Drop custom bash scripts in the pre.d folder if you want to modify your iptables before CSF injects its own rules into iptables.
Drop custom bash scripts in the post.d folder if you want to modify your iptables after CSF injects its own rules into iptables.

└── usr └── local └── include └── csf └── pre.d └── custom_script.sh └── post.d └── custom_script.sh

/var/lib/csf/¶

This folder contains your csf.conf backups and also stores files generated by the integrated statistics module, including charts. While backups can be accessed directly from the CSF web interface, this folder is primarily for internal use. You generally won’t need to interact with it, and it’s important not to modify any of the files stored here.

└── var └── lib └── csf └── backup │ └── 1759876810_pre_v15_01_upgrade ├── Geo ├── lock │ └── command.lock ├── stats ├── ui ├── webmin └── zone

/usr/sbin/¶

The /usr/sbin folder contains the two most important files, which are the main CSF and LFD binary files. These files are responsible for how CSF and LFD behave and contain the core code.

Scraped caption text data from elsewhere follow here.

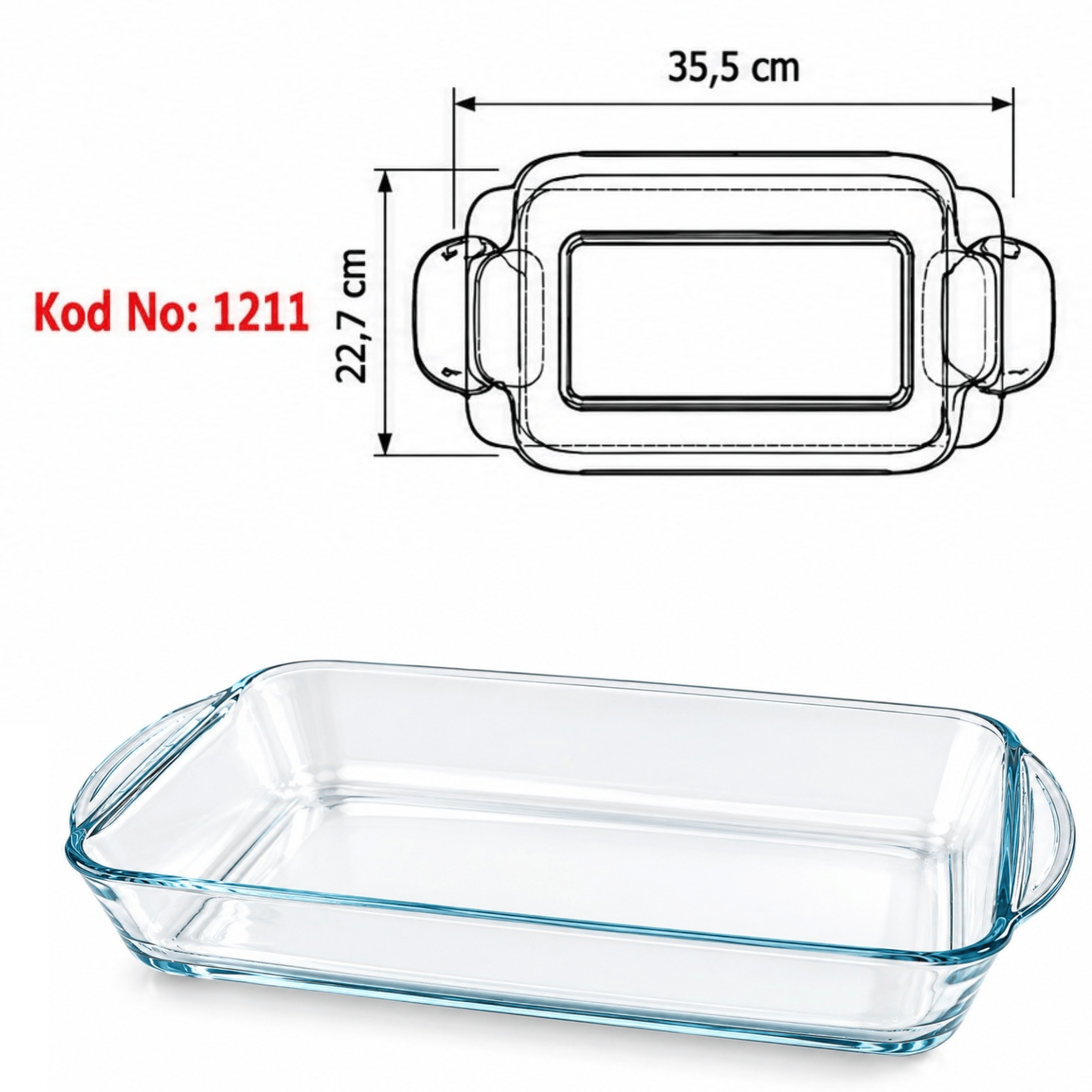Paşabahçe Borcam Orta Boy Dikdörtgen Fırın Kabı 35,5 x 22,7 cm – Isıya Dayanıklı Cam Fırın Tepsisi ve Servis Kabı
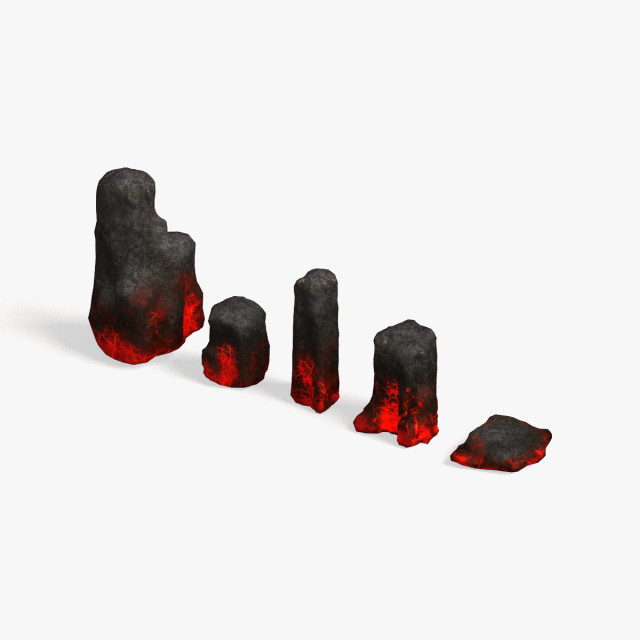 Rock Set 06 - Lava 3D Model .c4d .max .obj .3ds .fbx .stl .blend 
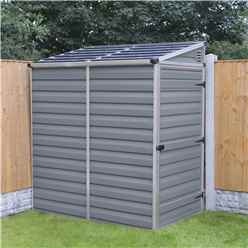 6 X 4 (1.75m X 1.17m) Single Door Pent Plastic Shed With Skylight Roofing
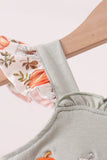 Orange Pumpkin Embroidery Ruffle Bloomer Set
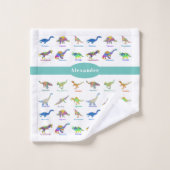 Farbenfrohe Dinosaurier mit Namen Muster Aquamarin Badhandtuch Set (Waschlappen)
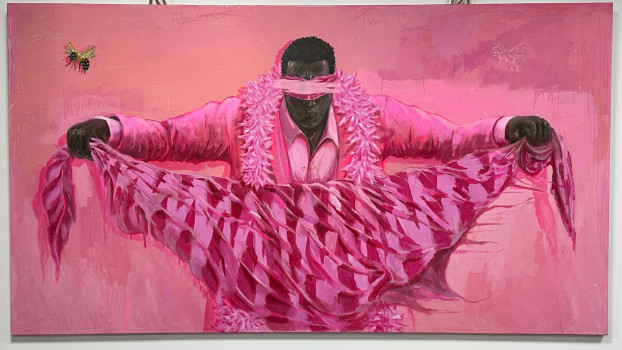 Pink on the bee
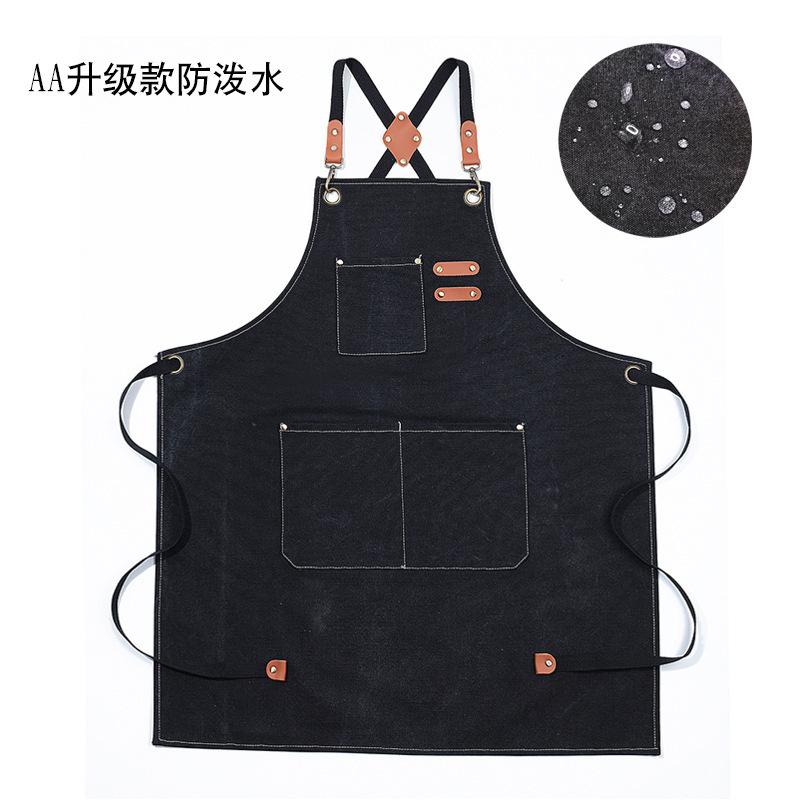 Thick canvas apron for nail salons, barbecue restaurants, home catering, kitchen work uniforms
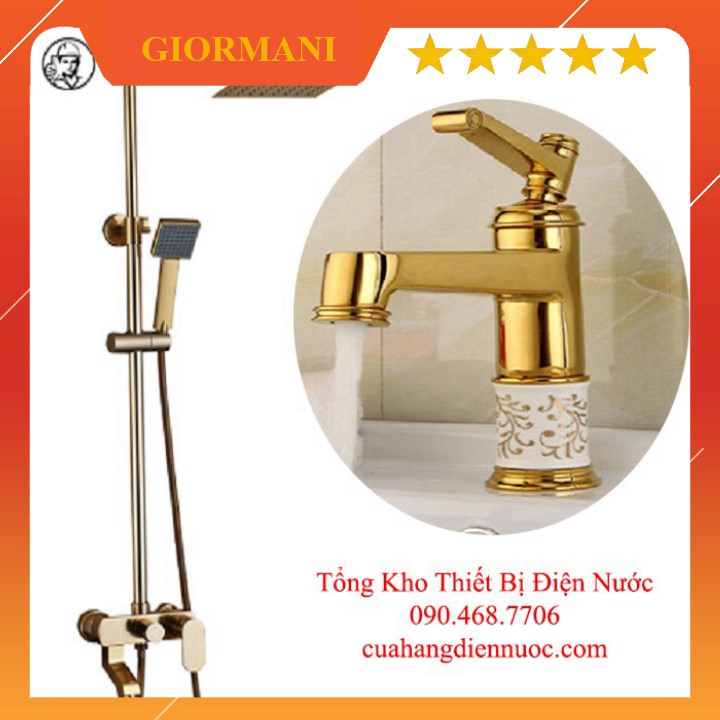 Sen tắm Combo bộ sen cây vàng ánh kim kèm vòi chậu lavabo đính đá cao cấp SC14-SNL09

└── user └── sbin ├── csf └── lfd

/lib/systemd/system¶

The /usr/sbin folder contains the CSF and LFD services which are responsible for bringing the two servces online.

└── lib └── systemd └── system ├── csf.service └── lfd.service

Patcher Files¶

The following files are associated with the ConfigServer Firewall scripts located in this repo's extras/scripts folder. These scripts add special iptable rules so that CSF can communicate with Docker & OpenVPN.

File	Description
`/usr/local/csf/bin/csfpre.sh`	Loader for pre scripts. Runs before CSF adds firewall rules.
`/usr/local/csf/bin/csfpost.sh`	Loader for post scripts. Runs after CSF adds firewall rules.
`/usr/local/include/csf/post.d/docker.sh`	Patch adds specific Docker network compatibility to CSF.
`/usr/local/include/csf/post.d/openvpn.sh`	Patch adds specific OpenVPN rules to CSF to allow VPN connections.